(Collected data)
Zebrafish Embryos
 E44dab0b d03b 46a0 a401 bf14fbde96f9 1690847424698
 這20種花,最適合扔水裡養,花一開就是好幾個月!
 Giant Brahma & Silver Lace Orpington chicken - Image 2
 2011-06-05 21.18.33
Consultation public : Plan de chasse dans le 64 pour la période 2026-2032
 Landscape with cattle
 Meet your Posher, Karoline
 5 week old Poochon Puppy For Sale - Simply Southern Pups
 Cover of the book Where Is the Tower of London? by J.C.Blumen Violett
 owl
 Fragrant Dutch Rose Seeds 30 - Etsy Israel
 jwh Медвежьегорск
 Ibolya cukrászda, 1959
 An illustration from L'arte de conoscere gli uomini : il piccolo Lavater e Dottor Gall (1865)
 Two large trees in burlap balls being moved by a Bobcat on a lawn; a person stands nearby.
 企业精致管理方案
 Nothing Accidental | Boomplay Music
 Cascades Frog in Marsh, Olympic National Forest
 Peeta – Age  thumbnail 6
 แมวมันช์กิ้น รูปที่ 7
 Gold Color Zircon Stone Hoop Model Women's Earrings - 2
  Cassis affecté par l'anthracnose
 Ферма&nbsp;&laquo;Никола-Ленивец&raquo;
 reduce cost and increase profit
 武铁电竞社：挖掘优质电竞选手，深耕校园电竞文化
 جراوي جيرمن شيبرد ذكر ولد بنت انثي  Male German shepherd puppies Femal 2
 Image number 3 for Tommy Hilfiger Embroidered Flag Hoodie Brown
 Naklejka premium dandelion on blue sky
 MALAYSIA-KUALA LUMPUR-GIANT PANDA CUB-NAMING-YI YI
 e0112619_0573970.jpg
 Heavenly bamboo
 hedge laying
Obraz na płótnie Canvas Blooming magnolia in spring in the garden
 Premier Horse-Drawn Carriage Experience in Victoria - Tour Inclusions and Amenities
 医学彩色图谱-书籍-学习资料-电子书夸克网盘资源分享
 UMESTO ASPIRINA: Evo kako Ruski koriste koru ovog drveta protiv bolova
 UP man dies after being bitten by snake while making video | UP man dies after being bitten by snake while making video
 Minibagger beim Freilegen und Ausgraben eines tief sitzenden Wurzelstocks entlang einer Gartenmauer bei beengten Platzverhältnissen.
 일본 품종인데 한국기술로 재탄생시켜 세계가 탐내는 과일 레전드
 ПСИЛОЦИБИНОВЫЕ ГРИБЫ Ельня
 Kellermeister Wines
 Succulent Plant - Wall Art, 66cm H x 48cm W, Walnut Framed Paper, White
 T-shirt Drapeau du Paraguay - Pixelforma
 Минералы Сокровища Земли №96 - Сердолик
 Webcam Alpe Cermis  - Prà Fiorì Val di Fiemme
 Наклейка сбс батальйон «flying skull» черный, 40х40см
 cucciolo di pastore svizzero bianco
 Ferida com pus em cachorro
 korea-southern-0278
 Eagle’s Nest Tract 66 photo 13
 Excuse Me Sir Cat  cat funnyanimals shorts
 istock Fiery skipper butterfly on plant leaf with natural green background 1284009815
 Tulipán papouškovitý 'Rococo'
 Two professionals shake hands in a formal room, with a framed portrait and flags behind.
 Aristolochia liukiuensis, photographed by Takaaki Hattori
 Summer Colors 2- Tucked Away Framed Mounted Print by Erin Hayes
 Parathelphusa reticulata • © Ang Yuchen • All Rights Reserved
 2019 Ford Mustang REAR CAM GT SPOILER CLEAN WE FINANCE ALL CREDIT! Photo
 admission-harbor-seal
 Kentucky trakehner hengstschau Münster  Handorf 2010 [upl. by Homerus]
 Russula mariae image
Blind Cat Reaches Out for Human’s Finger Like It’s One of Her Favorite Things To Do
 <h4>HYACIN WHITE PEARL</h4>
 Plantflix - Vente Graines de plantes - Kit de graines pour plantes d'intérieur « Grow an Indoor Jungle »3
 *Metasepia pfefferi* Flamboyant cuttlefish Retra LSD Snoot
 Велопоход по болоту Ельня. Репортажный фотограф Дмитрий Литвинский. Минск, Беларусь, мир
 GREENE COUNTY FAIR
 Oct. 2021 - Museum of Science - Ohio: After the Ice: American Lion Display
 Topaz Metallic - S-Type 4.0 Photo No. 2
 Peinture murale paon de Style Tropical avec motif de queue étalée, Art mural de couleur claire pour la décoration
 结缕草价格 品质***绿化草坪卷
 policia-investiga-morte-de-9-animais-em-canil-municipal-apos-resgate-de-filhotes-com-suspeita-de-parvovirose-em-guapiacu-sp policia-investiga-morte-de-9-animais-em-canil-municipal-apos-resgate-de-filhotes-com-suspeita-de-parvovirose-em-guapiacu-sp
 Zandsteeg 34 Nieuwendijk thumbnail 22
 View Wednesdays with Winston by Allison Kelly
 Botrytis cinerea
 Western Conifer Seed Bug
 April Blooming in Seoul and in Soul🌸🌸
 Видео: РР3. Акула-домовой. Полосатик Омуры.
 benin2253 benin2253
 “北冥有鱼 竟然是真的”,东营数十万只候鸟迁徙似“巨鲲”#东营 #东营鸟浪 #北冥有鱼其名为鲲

▶ _PROBLEM STATEMENT_: From the entries above, write out only the lines starting at the line that holds "korea-southern-0278" and ending at the line that holds "Aristolochia liukiuensis, photographed", keeping both and matching them exactly.

▶ _YOUR SOLUTION_:
 korea-southern-0278
 Eagle’s Nest Tract 66 photo 13
 Excuse Me Sir Cat  cat funnyanimals shorts
 istock Fiery skipper butterfly on plant leaf with natural green background 1284009815
 Tulipán papouškovitý 'Rococo'
 Two professionals shake hands in a formal room, with a framed portrait and flags behind.
 Aristolochia liukiuensis, photographed by Takaaki Hattori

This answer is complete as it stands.